Location
- Bohusgatan 24-26, SE-116 67 Stockholm Sweden
- Coordinates: 59°18′25″N 18°04′54″E﻿ / ﻿59.306856°N 18.081772°E

Information
- Type: State School
- Established: 1999
- School district: Stockholms Stad
- Head of school: Karin Henrekson-Alberg
- Grades: Kindergarten to 12
- Website: internationalschoolofthestockholmregion.stockholm.se

= International School of the Stockholm Region =

The International School of the Stockholm Region (ISSR) is a school in Stockholm, Sweden. It is located on Bohusgatan in Skanstull on the island of Södermalm. The school offers the International Baccalaureate Diploma Programme, and is an IB World School and a UN School.

==History==
The school was founded in 1999 by Stockholm Municipality as IB School South, and was renamed in 2012 to its current name.

==Curriculum==
The International Baccalaureate Primary Years Programme (PYP) - for students aged 3 to 12 focuses on the development of the whole child in the classroom and in the world outside.
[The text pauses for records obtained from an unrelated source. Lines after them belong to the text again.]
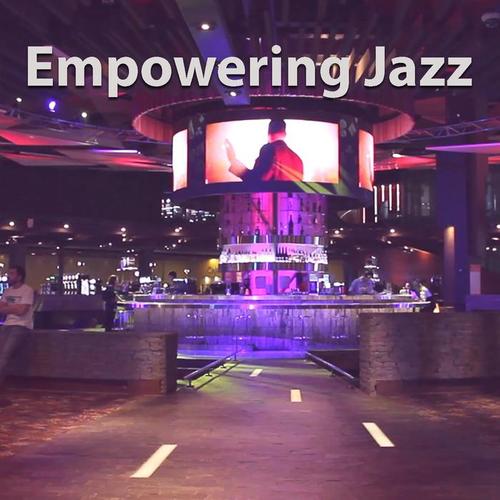 Empowering Jazz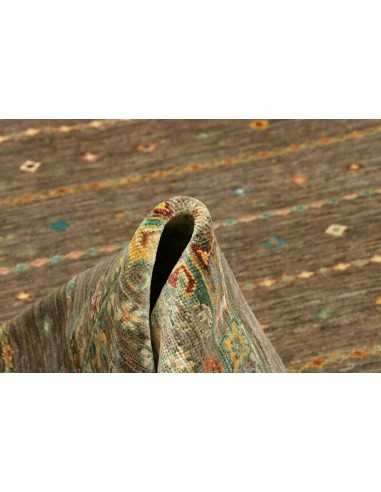 Tappeto Rubin Pakistan cm.195x251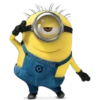 @edhumw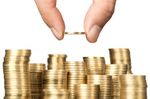 ESSAIS INTERNATIONAUX - DIU CHEF DE PROJET RECHERCHE CLINIQUE PROMOTION 2019-2020 - Recherche ...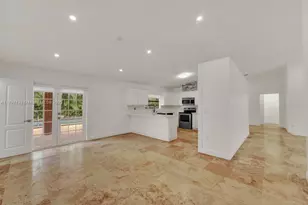 1981 SW 139th Ct, Miami, FL 33175 - Photo 13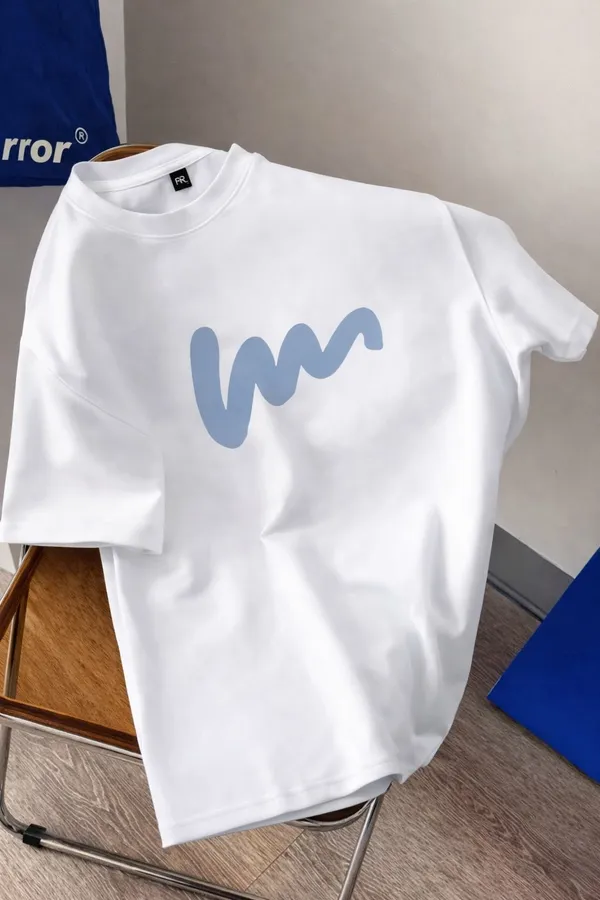 Men_Oversized_Tshirt_|_Printed_Tshirt_For_Men_|_Pack_Of_1_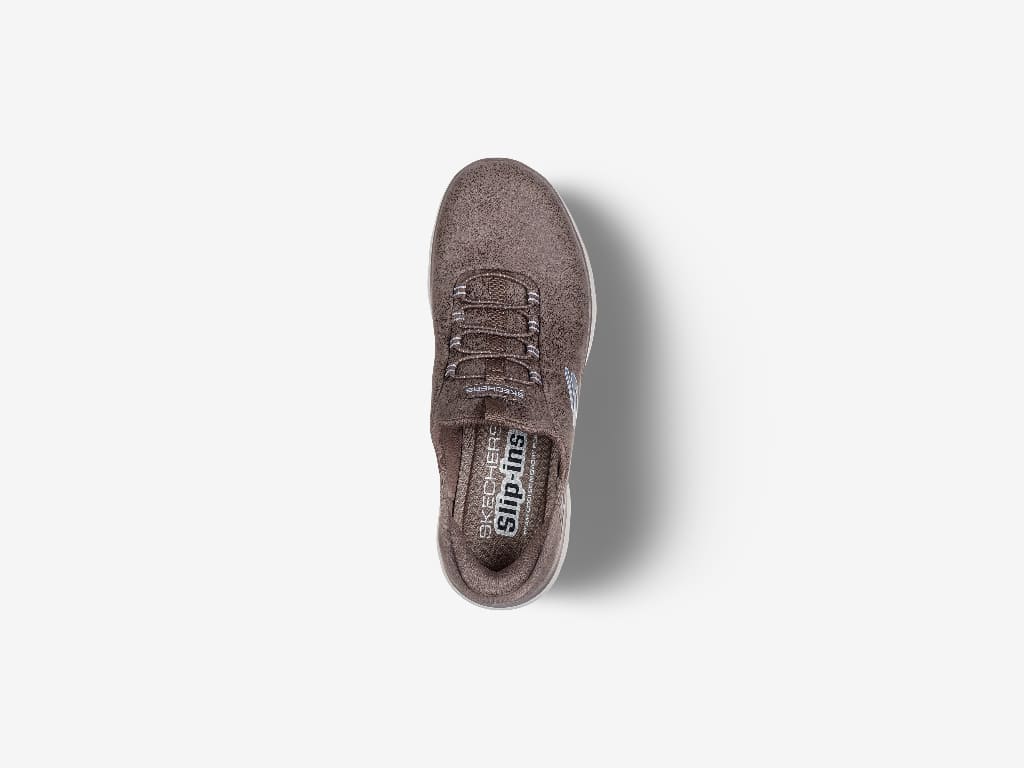 Skechers Unknown Trail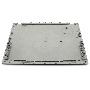 Поддон для ноутбука Haier A1440SM
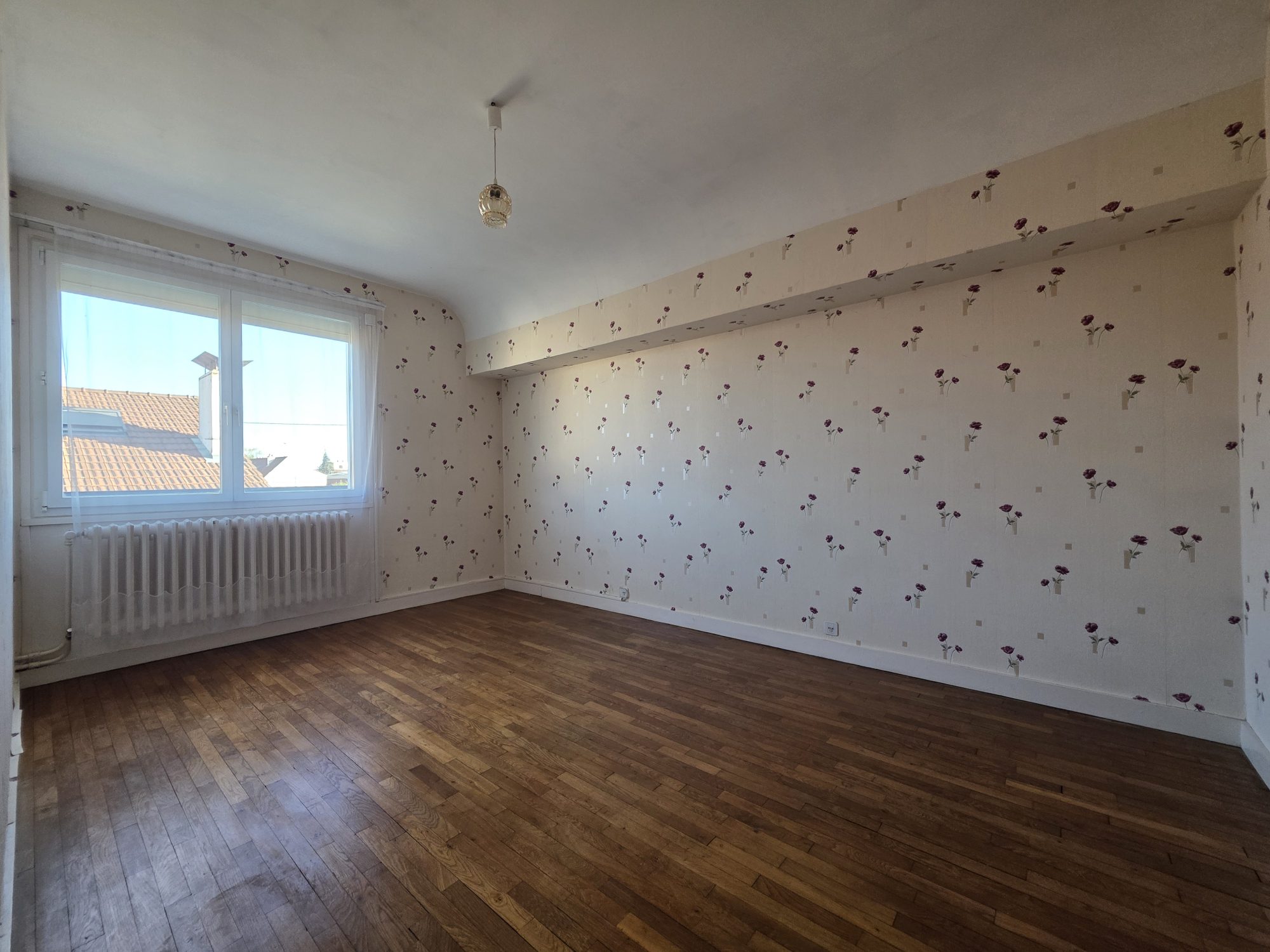 Photo 12 — CARREZ IMMOBILIER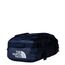 The North Face Base Camp Voyager Duffel 32L shadyblu/smmtnv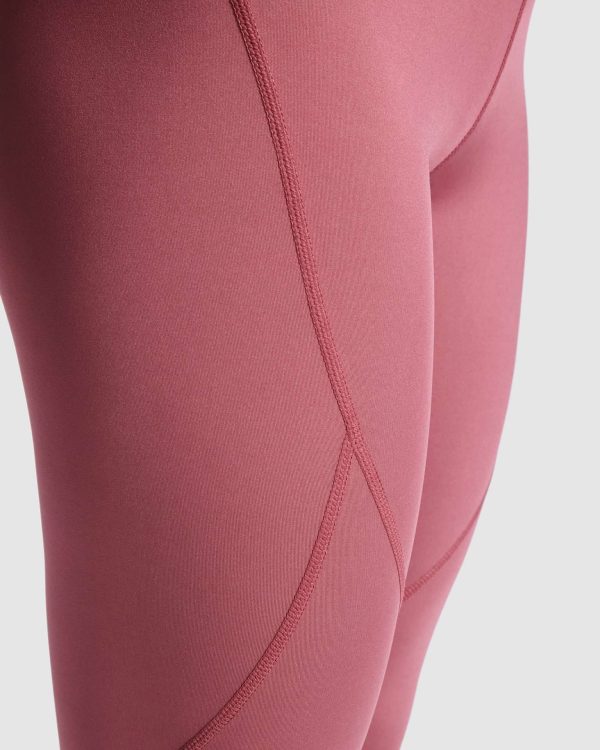 Leggings Norton de Roly — Galería 4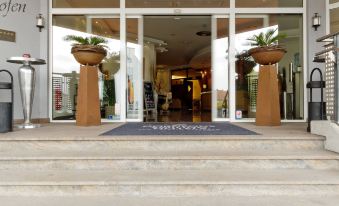 Arthotel ANA Petite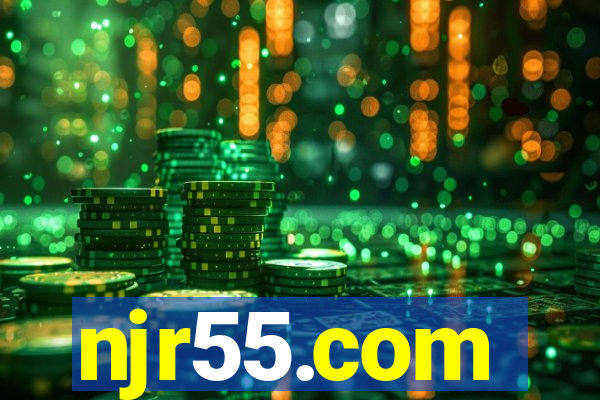 njr55.com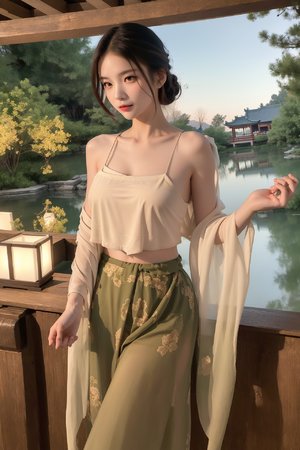 一路向北电影免费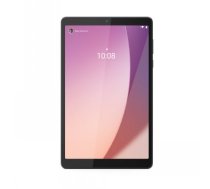 LENOVO TAB M8 4GEN (2024) 8.0" HD (1280X800) ADS 350NITS ANTI-FINGERPRINT/4GB/64GB/5100MAH/LTE/ANDROID 13 (ARCTIC GREY)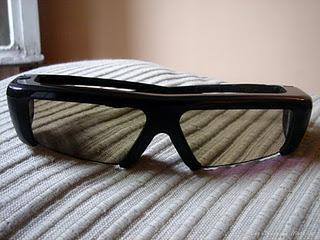 TECHNOLOGIE - Projet photo 52 (semaine #45)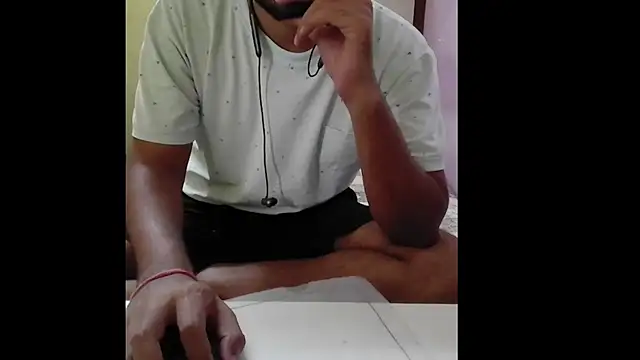 riyamore9623 online show from 11-01-25, 10:09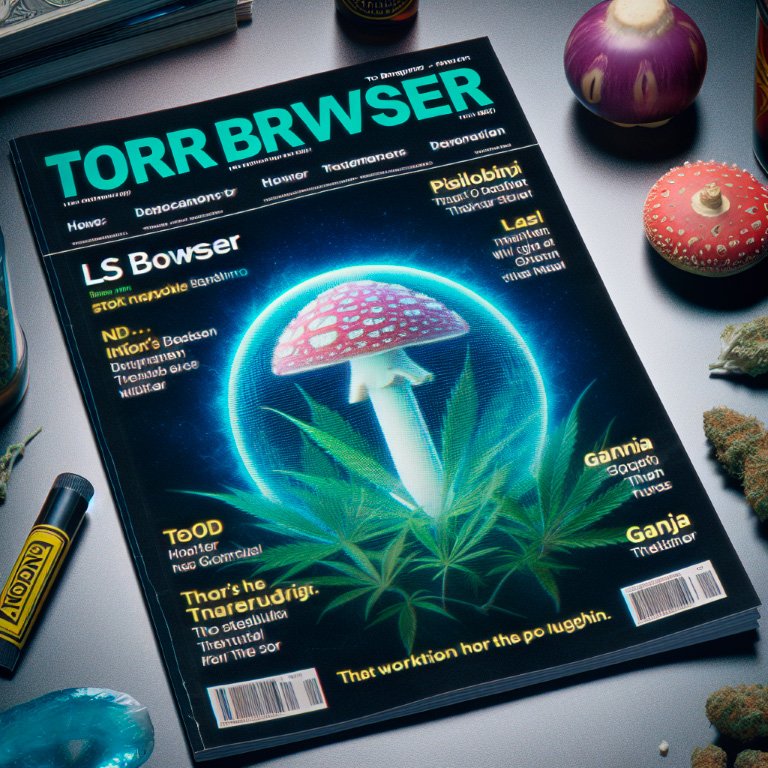 Darknet reviews guide buyers to top-quality products darknet links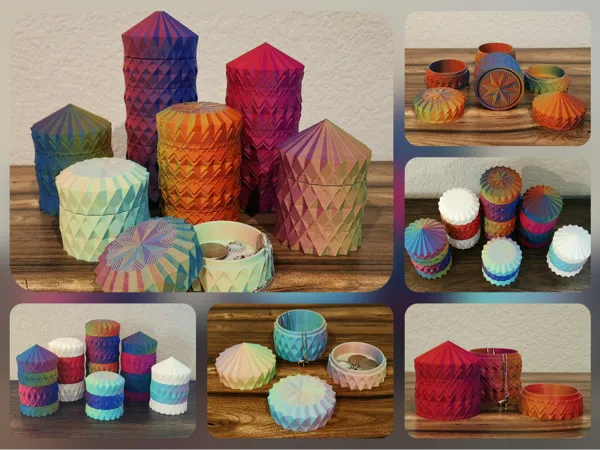 https://makerworld.bblmw.com/makerworld/model/US79d8b6b080ec5/design/2025-06-30_15a72fb14ba4d.jpg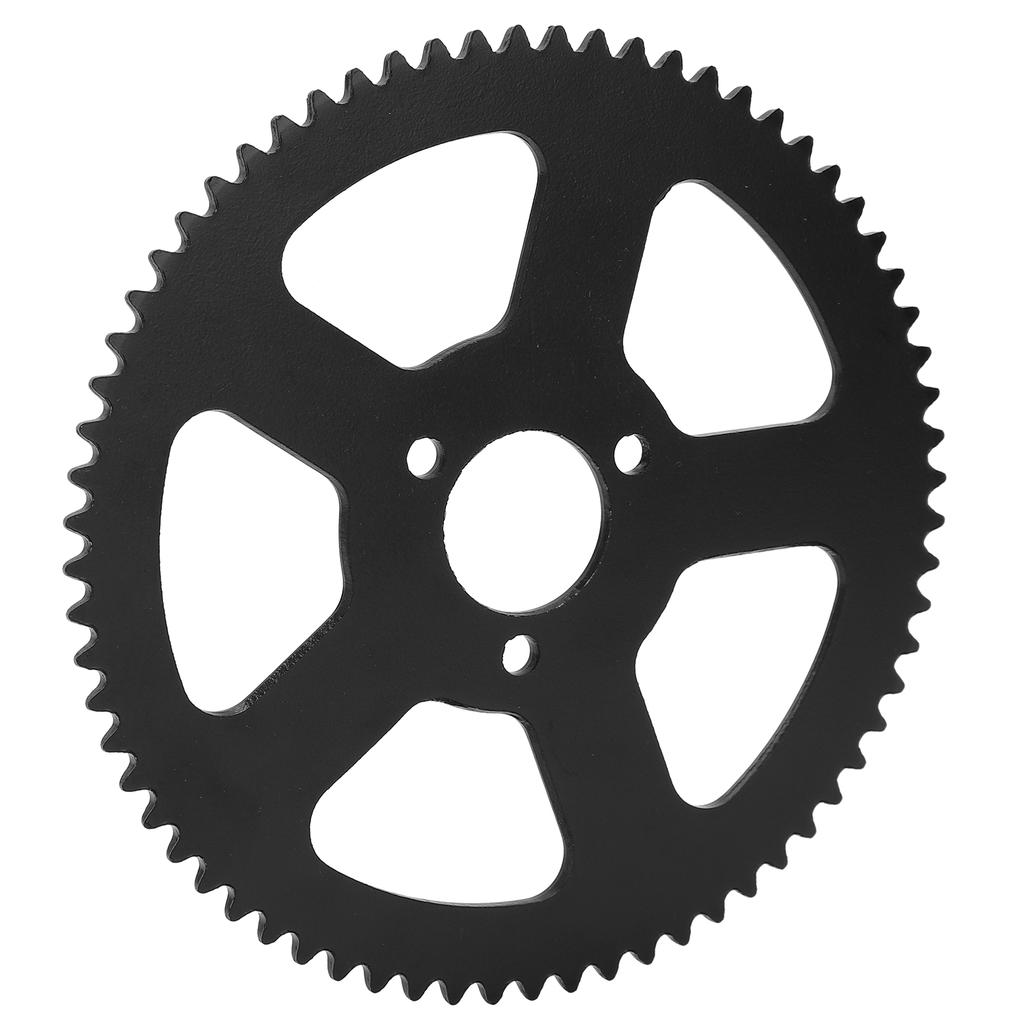 2013 Zx6r Chain And Sprocket 525 Motorcycle Chain Vortex 526ZR-45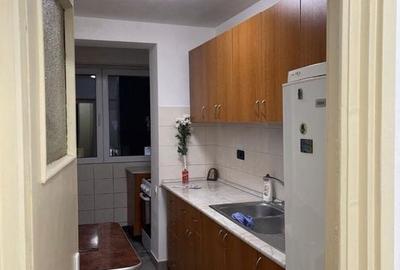 Apartament 2 camere, complet mobilat si utilat, zona Crângași - 3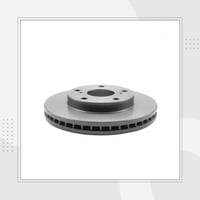 هوب امامي اورويون 2007-2017 ياباني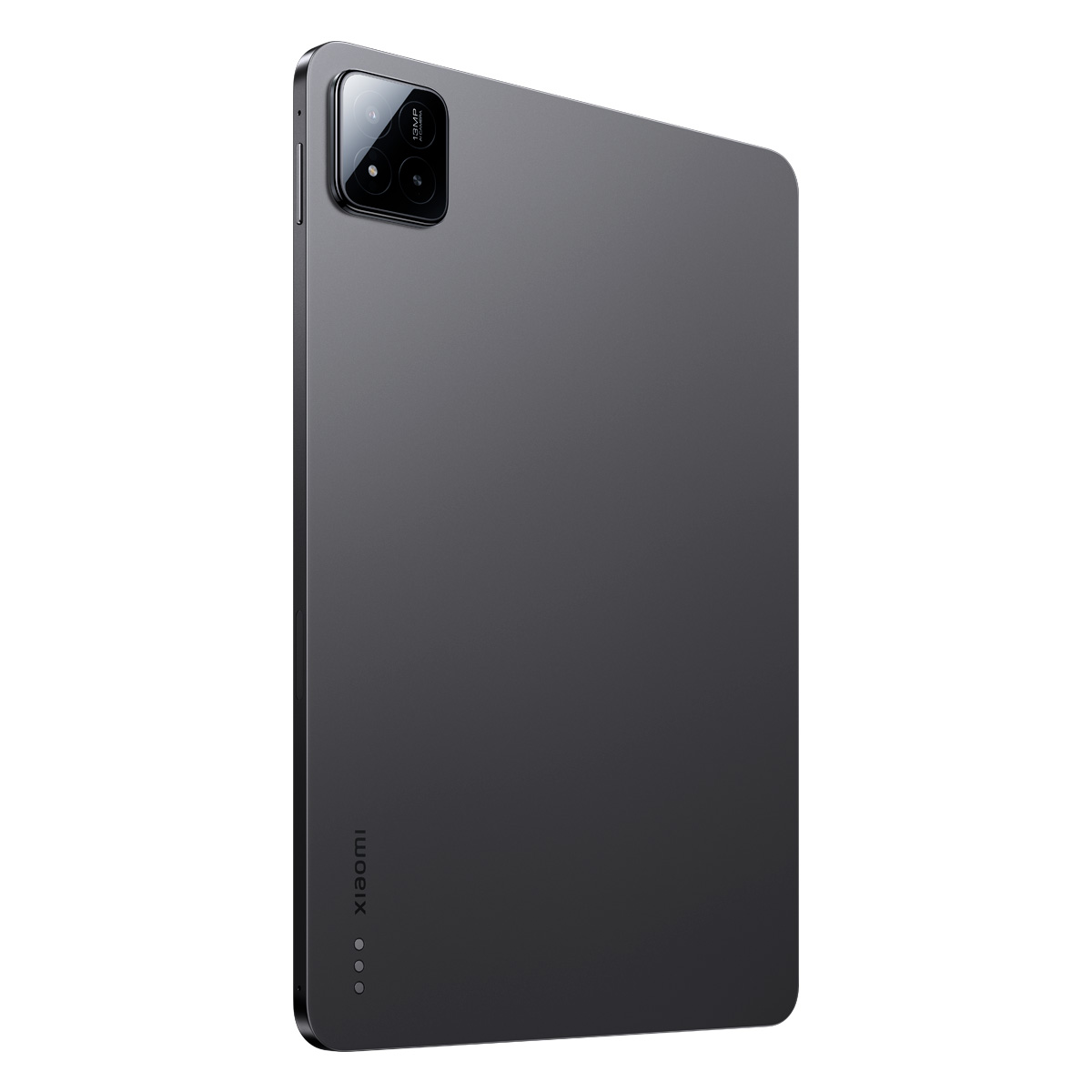 TABLET XIAOMI REDMI PAD 7 11.2" 128 GB GRIS + TECLADO + LAPIZ - 5
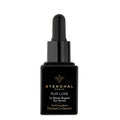 15ml
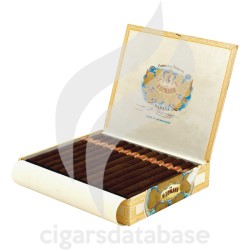 H.UPMANN-LONSDALES-Box-1619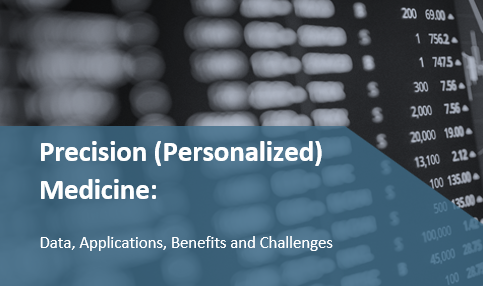 Precision Medicine – Part 2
The International Baccalaureate Middle Years Programme (MYP) - for students aged 11 to 16 - provides a framework of academic challenge and life skills, achieved through embracing and transcending traditional school subjects.

The International Baccalaureate Diploma Programme (DP) - for students aged 16 to 19 - is a demanding two-year curriculum leading to final examinations and a qualification that is welcomed by leading universities around the world.